И – какая активная, торжественная и строгая жизнь!
«Всё подвигаюсь в внутренней работе. Никогда не поверил бы, что это возможно в 81 год. Всё большая и большая строгость к себе и от того всё большее и большее удовлетворение. Главные две черты: преданность Его воле и неосуждение в мыслях»(57.84).
«Как будто чувствую и в себе, и в человечестве созревание плода»(57.62).
Состояние жизни князя Андрея перед смертью можно точно назвать состоянием полнейшего «эгоизма духовного», о котором немало говорил Толстой в последний год жизни:
«Самое лучшее и самое худшее – себялюбие, эгоизм. Вопрос только в том: кто тот, кого я люблю больше всего? Если телесный я – дурно, если духовный я, то самое лучшее, что может быть. И этот-то духовный эгоизм я нынче в первый раз на деле в жизни почувствовал,*) и почувствовал всё благо этого»(57.58).
*) Запись от 5 мая 1909 года, то есть на самом пике второго духовного рождения.
«Отвратителен эгоизм телесный, и нет ничего выше эгоизма духовного, перенесения своего сознания в духовное, вечное, всемирное я. И перенесение это совершается любовью и дает такое благо, испытывая которое ничего больше не нужно»(57.64).
Еще одну грань состояния Птицы Небесной – грань агапической любви – князь Андрей в "Войне и мире" пережил за месяц до смерти (главы о пребывание его в Мытищах). Сорокалетний Толстой не представлял, как в одном человеке и в одно и то же время возможно реально совместить надмирность и любовь; и в романе разводил их. Знание состояния надмирности и, вместе, агапичности пришло к Толстому через много лет, и особенно ясно, когда он сам все более становился Птицей Небесной.

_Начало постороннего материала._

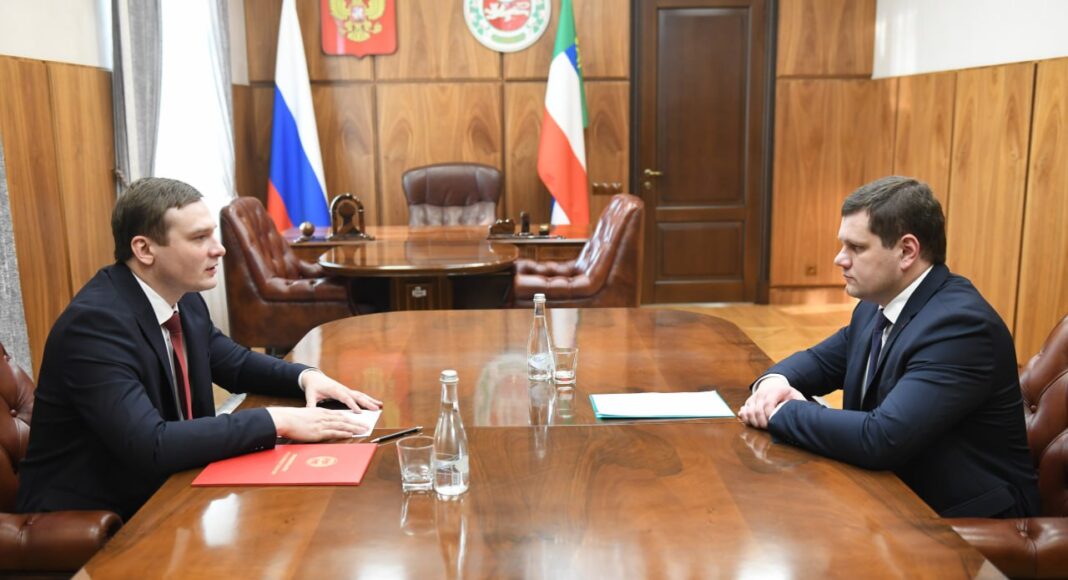 Валентин Коновалов и Владимир Лебедев. Фото из телеграм-канала главы РХ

«Удивительное дело, только теперь, на девятом десятке начинаю немного понимать смысл и значение жизни – исполнения не для себя – своей личной жизни и, главное, не для людей исполнения воли Бога – Любви, и в первый раз нынче, в первый день Нового 09 года почувствовал свободу, могущество, радость этого исполнения. Помоги мне быть в Тебе, с Тобою, Тобою»(57.3).
Состояние жизни старца Толстого, Толстого-Птицы Небесной определялось, прежде всего, агапической любовью, но не специально культивируемой любовью-умилением ко всем и ко Всему, а конкретным любовным чувствованием людей вокруг себя – всякого собою. Вот его собственные описания этого удивительного и так мало знакомого людям чувства:
«Сколько ни старался жить только перед Богом – не могу. Не скажу, что забочусь о суждении людей, не скажу, что люблю их, а, несомненно, и неудержимо произвольно чувствую их, так же, как чувствую свое тело, хотя слабее и иначе. (Верно)»(58.51).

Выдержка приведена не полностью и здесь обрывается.